November 26, 2025 at 9:00 AM to 10:30 AM
| Location: | Zoom |
| Cost: | Free |
Time: 9:00 AM – 10:30 AM EST (Timezone Converter)
Supported by Wordly (text translation)
Event Description
The Office of the United Nations High Commissioner for Refugees (UNHCR) was created by the UN General Assembly on 14 December 1950. Its founding mandate was to ensure international protection for refugees and to facilitate the cooperation necessary to find durable solutions. UNHCR’s history has been one of both continuity and change, with the organization’s core mandate enduring over the decades and the scope of the organization’s work evolving considerably. As UNHCR prepares to turn 75 this December, the organization and the global refugee regime itself face profound challenges stemming from dramatic funding cuts and growing political opposition to the core principles UNHCR was created to defend. At the same time, however, UNHCR’s mandate is as critical as ever as global forced migration dynamics continue to grow in scale and complexity.
As UNHCR prepares to turn 75 in mid-December and ahead of the Global Refugee Forum Progress Review meeting in Geneva, please join a distinguished panel as we discuss: What are the challenges and opportunities facing UNHCR? How can our understanding of UNHCR’s role within the global refugee regime help navigate current challenges and ensure the organization’s mandate is realized in an increasingly turbulent world?

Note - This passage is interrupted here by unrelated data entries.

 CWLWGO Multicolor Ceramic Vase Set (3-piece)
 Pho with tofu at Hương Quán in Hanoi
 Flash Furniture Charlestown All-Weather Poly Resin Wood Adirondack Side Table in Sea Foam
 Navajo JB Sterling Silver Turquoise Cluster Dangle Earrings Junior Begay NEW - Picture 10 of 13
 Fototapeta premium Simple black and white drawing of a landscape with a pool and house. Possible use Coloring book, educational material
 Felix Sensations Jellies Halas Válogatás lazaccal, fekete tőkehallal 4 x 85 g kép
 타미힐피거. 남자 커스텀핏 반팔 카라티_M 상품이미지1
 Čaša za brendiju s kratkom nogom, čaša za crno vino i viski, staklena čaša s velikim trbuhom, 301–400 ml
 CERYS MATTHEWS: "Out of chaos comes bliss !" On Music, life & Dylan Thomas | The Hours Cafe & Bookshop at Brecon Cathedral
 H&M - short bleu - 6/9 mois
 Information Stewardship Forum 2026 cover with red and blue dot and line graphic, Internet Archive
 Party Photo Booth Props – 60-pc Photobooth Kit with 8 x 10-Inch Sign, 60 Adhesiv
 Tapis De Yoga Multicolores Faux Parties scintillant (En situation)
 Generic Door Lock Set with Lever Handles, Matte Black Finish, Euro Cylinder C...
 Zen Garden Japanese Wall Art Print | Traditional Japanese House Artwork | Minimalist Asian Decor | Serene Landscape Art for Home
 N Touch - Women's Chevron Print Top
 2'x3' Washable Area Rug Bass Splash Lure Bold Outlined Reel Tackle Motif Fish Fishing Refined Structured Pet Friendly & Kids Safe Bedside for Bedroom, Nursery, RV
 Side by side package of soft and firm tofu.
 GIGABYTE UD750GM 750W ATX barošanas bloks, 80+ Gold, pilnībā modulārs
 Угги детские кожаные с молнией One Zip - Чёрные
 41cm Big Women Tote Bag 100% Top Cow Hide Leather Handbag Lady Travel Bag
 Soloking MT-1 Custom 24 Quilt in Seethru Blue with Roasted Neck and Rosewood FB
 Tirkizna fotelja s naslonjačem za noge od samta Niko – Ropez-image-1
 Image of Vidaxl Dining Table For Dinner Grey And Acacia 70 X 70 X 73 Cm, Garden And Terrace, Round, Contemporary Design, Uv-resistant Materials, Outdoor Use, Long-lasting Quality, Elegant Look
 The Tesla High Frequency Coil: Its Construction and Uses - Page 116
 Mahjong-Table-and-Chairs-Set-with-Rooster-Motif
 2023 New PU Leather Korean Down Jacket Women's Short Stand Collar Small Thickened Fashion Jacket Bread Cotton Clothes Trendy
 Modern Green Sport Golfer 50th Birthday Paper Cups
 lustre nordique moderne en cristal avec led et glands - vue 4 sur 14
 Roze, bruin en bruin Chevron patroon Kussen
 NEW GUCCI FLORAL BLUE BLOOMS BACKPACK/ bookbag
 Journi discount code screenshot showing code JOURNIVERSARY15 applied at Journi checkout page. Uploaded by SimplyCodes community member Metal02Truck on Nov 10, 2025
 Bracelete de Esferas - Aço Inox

This webinar is co-hosted by the Global Academic Interdisciplinary Network (GAIN) and the Local Engagement Refugee Research Network (LERRN). GAIN was established by Paragraph 43 of the Global Compact on Refugees (GCR) to mobilize the academic research community to help advance the objectives of the GCR. With the support of a Partnership Grant from the Social Sciences and Humanities Research Council of Canada (SSHRC), LERRN is working to ensure that the knowledge and expertise of those most affected by displacement more reliably shapes forced migration studies, policy and practice, contributing to a global forced migration response system that is more effective, legitimate and accountable for and to those most affected by displacement.